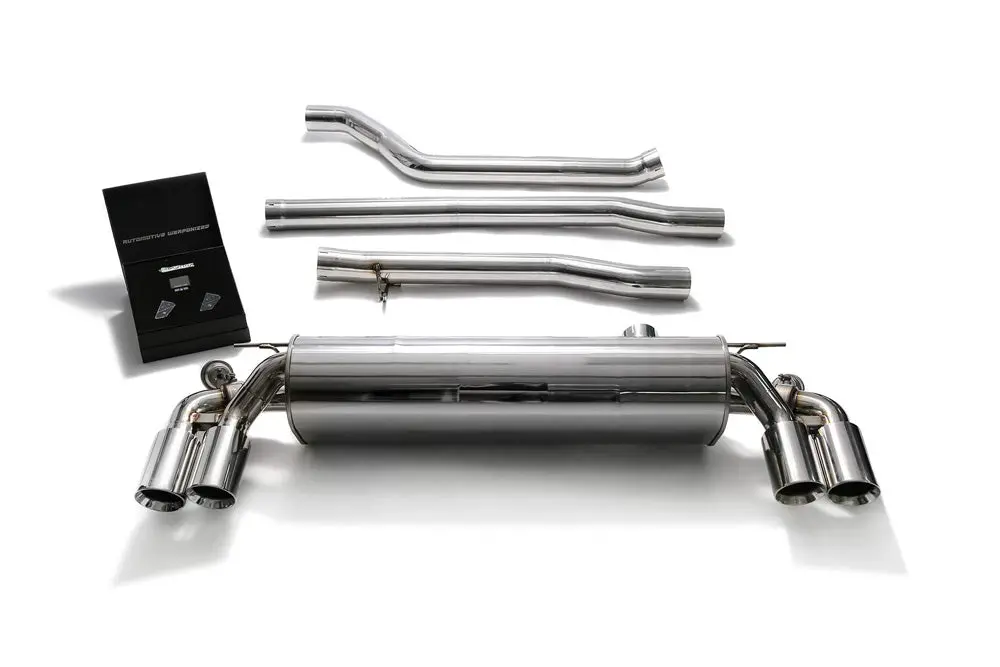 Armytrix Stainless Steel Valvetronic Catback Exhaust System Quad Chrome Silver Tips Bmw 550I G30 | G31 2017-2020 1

* * *

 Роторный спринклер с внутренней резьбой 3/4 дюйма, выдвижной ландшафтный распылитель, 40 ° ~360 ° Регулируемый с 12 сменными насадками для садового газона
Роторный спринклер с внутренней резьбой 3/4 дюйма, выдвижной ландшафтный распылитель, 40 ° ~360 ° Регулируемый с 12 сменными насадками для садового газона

---

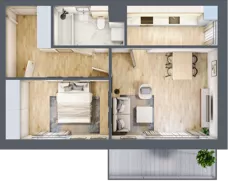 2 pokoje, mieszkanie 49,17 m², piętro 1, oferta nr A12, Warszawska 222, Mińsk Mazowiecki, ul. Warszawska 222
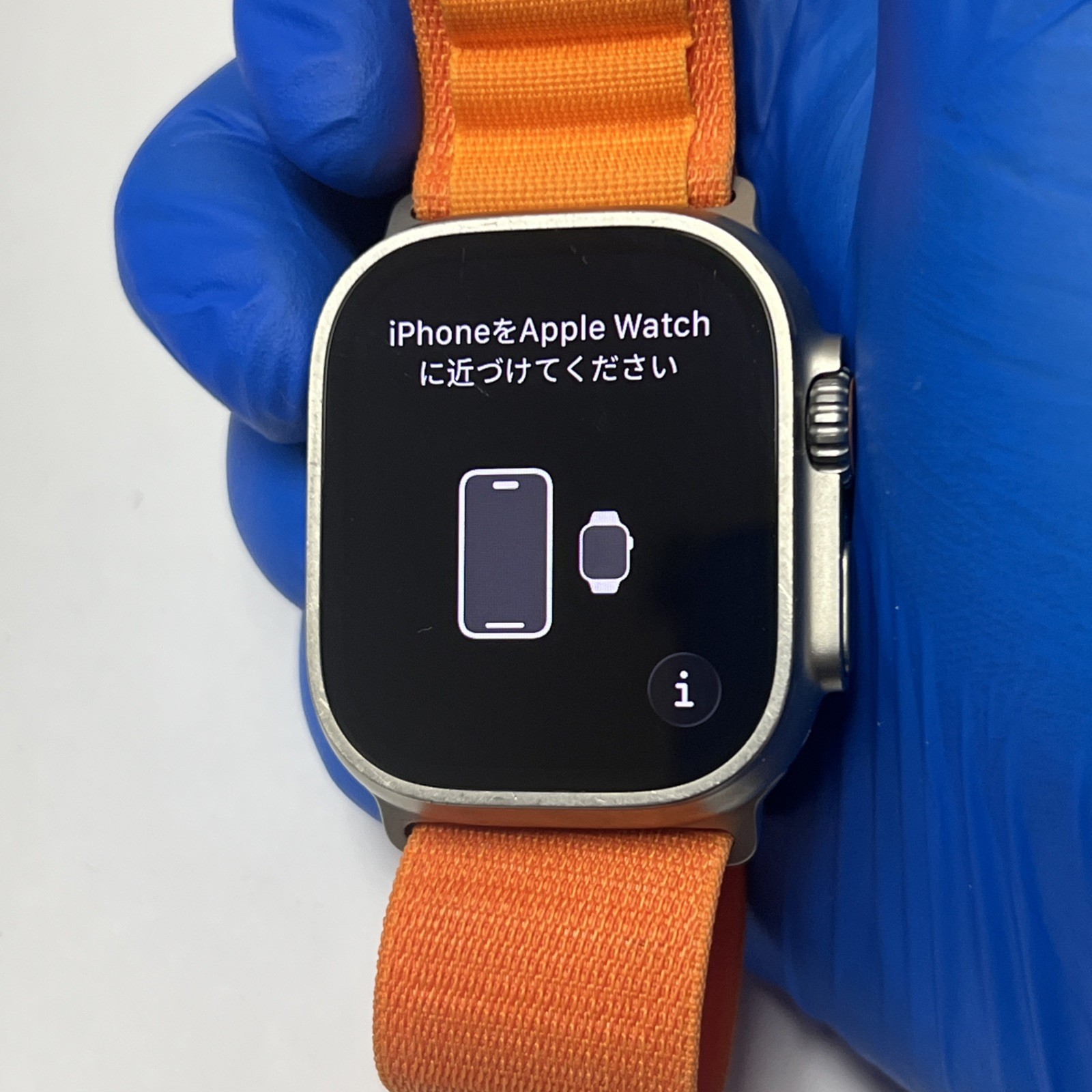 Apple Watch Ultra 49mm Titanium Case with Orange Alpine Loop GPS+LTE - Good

- Prompt: Starting at the line above that contains "2 pokoje, mieszkanie", transcribe every line exactly through the line that contains "Apple Watch Ultra", including that last one, and skip the pictures.

- Written response:
 2 pokoje, mieszkanie 49,17 m², piętro 1, oferta nr A12, Warszawska 222, Mińsk Mazowiecki, ul. Warszawska 222
 Apple Watch Ultra 49mm Titanium Case with Orange Alpine Loop GPS+LTE - Good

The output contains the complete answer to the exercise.